Pakistan's top court ordered an investigation on Tuesday into the alleged barter of at least seven girls to settle a blood feud in the Baluchistan province.
Pakistan's Chief Justice Iftikhar Chaudhry began the proceedings into the allegations, according to the Associated Press.
The AP reported the trade allegedly happened in the Dera Bugti district of Baluchistan, between two sub-tribes of the province.
District deputy commissioner Saeed Faisal told the court that a tribal council had ordered the barter in early September, according to Al Jazeera. Faisal said he did not know the girls' ages, but local media said they were aged between four and 13.
Tariq Masuri, the local provincial assembly legislator who allegedly chaired the meeting that finalized the barter, has been summoned to appear in court on Wednesday, said Al Jazeera. Masuri has denied the allegations.
Pakistani newspaper DawnNews reported that up to 13 girls were involved in the incident. Wani, the traditional practice of exchanging unmarried girls to settle feuds, is banned in Pakistan, but still practiced in the more conservative communities and tribal areas.
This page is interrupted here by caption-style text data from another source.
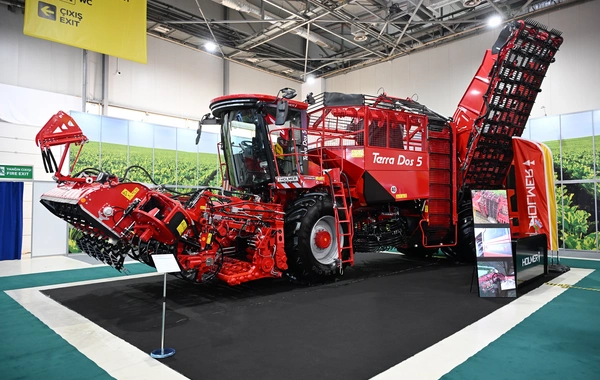 İlham Əliyev 19-cu "Caspian Agro Week" və 31-ci "InterFood Azerbaijan" sərgiləri ilə tanış olub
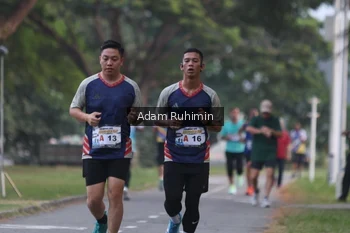 Runner Photo 4315675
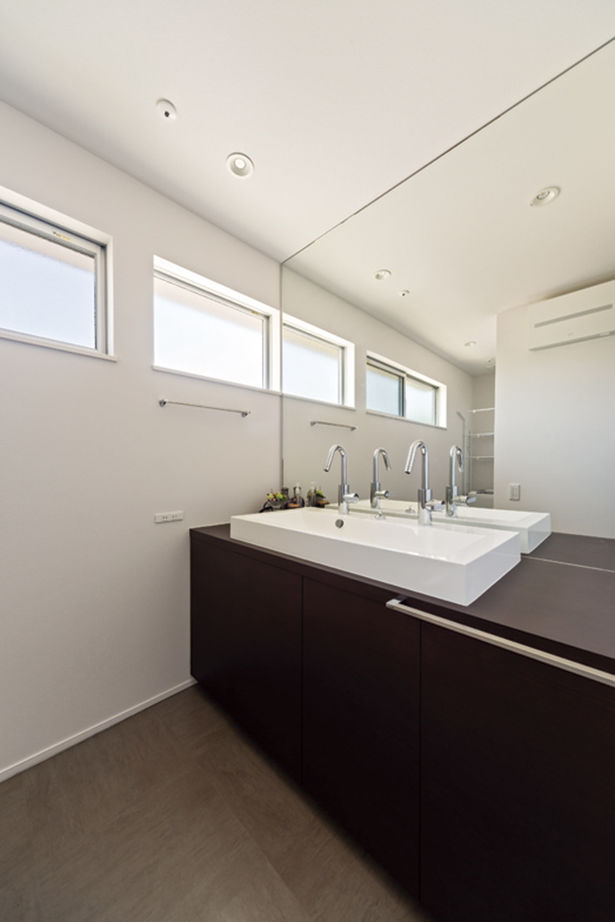 アールギャラリー(アールプランナー) 【2000万円台/30坪台】豊かな緑を借景にした暮らし。絵になる土間玄関とスキップフロアのある家の建築実例画像10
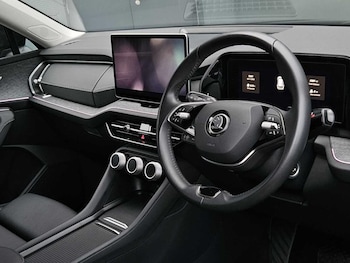 Used Skoda Kodiaq 2024 for sale - 76382108: Photo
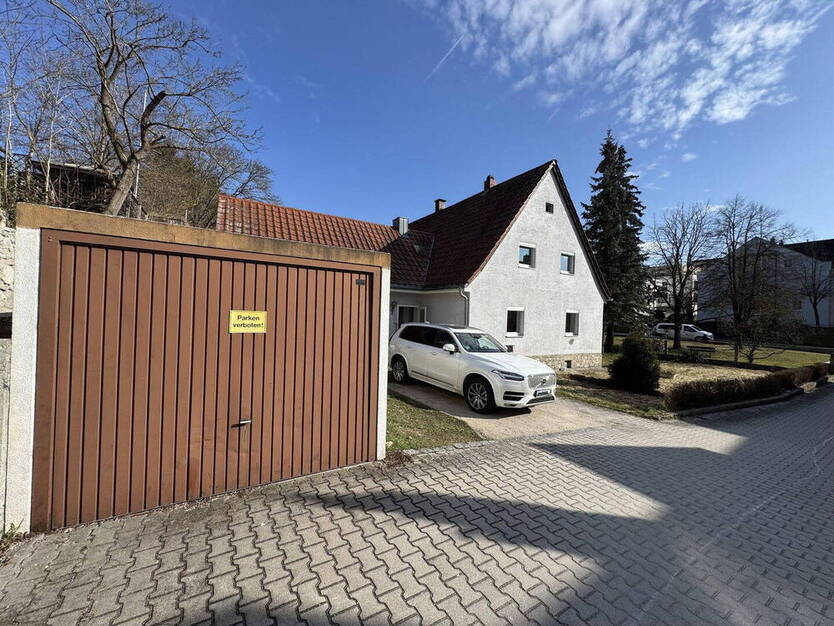 Schöne und provisionsfreie DHH in Top-Lage - Bezug sofort möglich!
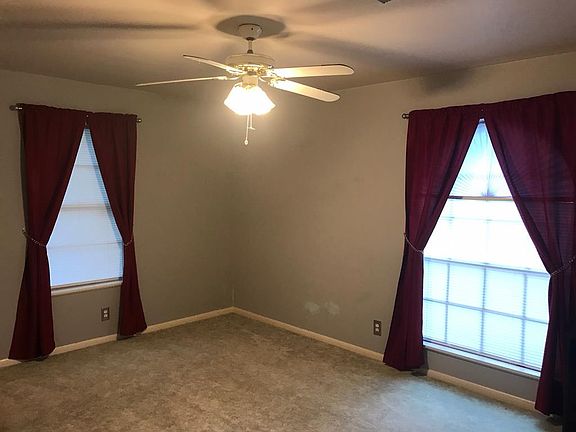 5th image of 411 E Rogers St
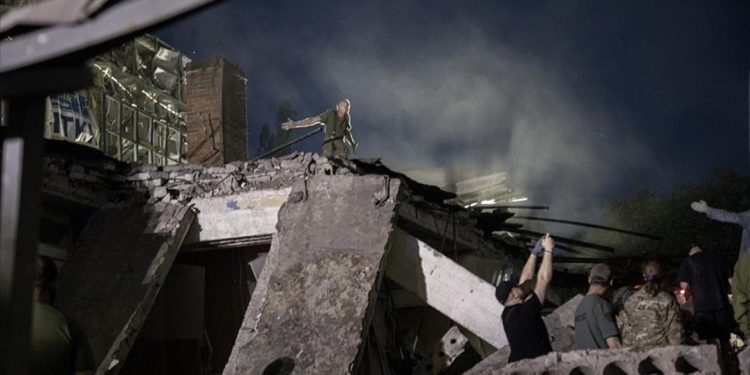 Ukrayna'da pizzacıya füze saldırısında ölü sayısı 12'ye yükseldi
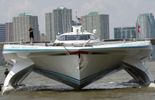 123 Le catamaran solaire PlanetSolar se lance à l'étude du Gulf Stream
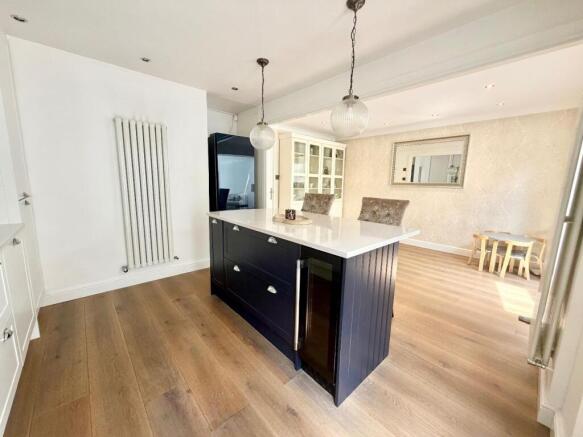 4 bed Detached for sale Image 7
The Prevention of Anti-Women Practices Act, passed in 2011, criminalized Wani, said DawnNews. "Whoever gives a female in marriage or otherwise compels her to enter into marriage, as ‘badla-e-sulh’, wanni, or swara or any other custom or practice under any name, in consideration of settling a civil dispute or criminal liability, shall be punished with imprisonment of either description for a term which may extend to seven years but shall not be less than three years and shall also be liable to fine of five hundred thousand rupees," states the act.